**Task objective**
Set down all the records below, word for word.

[Web page caption snippets]
================================
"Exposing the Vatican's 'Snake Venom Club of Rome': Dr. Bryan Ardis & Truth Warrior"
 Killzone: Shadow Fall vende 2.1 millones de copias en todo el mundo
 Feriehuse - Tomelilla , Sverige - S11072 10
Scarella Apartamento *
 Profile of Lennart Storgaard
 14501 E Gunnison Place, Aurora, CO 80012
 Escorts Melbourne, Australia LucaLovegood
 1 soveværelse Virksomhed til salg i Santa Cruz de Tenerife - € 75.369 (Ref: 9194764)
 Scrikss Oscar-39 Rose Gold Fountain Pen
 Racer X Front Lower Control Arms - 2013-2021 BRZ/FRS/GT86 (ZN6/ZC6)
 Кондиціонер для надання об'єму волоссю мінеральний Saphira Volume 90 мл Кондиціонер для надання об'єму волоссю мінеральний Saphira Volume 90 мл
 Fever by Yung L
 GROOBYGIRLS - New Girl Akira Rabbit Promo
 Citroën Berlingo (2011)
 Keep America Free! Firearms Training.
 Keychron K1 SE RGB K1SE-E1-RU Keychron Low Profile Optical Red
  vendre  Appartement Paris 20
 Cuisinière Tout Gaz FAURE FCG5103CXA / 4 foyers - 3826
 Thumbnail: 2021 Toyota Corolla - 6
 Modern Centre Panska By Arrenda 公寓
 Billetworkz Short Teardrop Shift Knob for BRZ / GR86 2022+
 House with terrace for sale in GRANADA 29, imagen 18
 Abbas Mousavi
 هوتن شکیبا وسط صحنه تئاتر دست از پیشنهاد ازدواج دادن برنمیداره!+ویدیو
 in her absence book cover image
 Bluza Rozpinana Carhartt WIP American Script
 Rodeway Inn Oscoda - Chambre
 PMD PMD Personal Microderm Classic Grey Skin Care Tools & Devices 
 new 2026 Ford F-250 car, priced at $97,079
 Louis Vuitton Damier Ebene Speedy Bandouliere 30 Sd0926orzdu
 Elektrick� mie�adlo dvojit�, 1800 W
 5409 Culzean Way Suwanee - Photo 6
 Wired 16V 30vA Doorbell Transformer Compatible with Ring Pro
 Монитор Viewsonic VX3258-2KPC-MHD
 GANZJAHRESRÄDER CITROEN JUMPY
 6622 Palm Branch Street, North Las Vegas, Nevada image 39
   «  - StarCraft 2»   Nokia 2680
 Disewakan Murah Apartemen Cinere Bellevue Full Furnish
================================
**Your response**
"Exposing the Vatican's 'Snake Venom Club of Rome': Dr. Bryan Ardis & Truth Warrior"
 Killzone: Shadow Fall vende 2.1 millones de copias en todo el mundo
 Feriehuse - Tomelilla , Sverige - S11072 10
Scarella Apartamento *
 Profile of Lennart Storgaard
 14501 E Gunnison Place, Aurora, CO 80012
 Escorts Melbourne, Australia LucaLovegood
 1 soveværelse Virksomhed til salg i Santa Cruz de Tenerife - € 75.369 (Ref: 9194764)
 Scrikss Oscar-39 Rose Gold Fountain Pen
 Racer X Front Lower Control Arms - 2013-2021 BRZ/FRS/GT86 (ZN6/ZC6)
 Кондиціонер для надання об'єму волоссю мінеральний Saphira Volume 90 мл Кондиціонер для надання об'єму волоссю мінеральний Saphira Volume 90 мл
 Fever by Yung L
 GROOBYGIRLS - New Girl Akira Rabbit Promo
 Citroën Berlingo (2011)
 Keep America Free! Firearms Training.
 Keychron K1 SE RGB K1SE-E1-RU Keychron Low Profile Optical Red
  vendre  Appartement Paris 20
 Cuisinière Tout Gaz FAURE FCG5103CXA / 4 foyers - 3826
 Thumbnail: 2021 Toyota Corolla - 6
 Modern Centre Panska By Arrenda 公寓
 Billetworkz Short Teardrop Shift Knob for BRZ / GR86 2022+
 House with terrace for sale in GRANADA 29, imagen 18
 Abbas Mousavi
 هوتن شکیبا وسط صحنه تئاتر دست از پیشنهاد ازدواج دادن برنمیداره!+ویدیو
 in her absence book cover image
 Bluza Rozpinana Carhartt WIP American Script
 Rodeway Inn Oscoda - Chambre
 PMD PMD Personal Microderm Classic Grey Skin Care Tools & Devices 
 new 2026 Ford F-250 car, priced at $97,079
 Louis Vuitton Damier Ebene Speedy Bandouliere 30 Sd0926orzdu
 Elektrick� mie�adlo dvojit�, 1800 W
 5409 Culzean Way Suwanee - Photo 6
 Wired 16V 30vA Doorbell Transformer Compatible with Ring Pro
 Монитор Viewsonic VX3258-2KPC-MHD
 GANZJAHRESRÄDER CITROEN JUMPY
 6622 Palm Branch Street, North Las Vegas, Nevada image 39
   «  - StarCraft 2»   Nokia 2680
 Disewakan Murah Apartemen Cinere Bellevue Full Furnish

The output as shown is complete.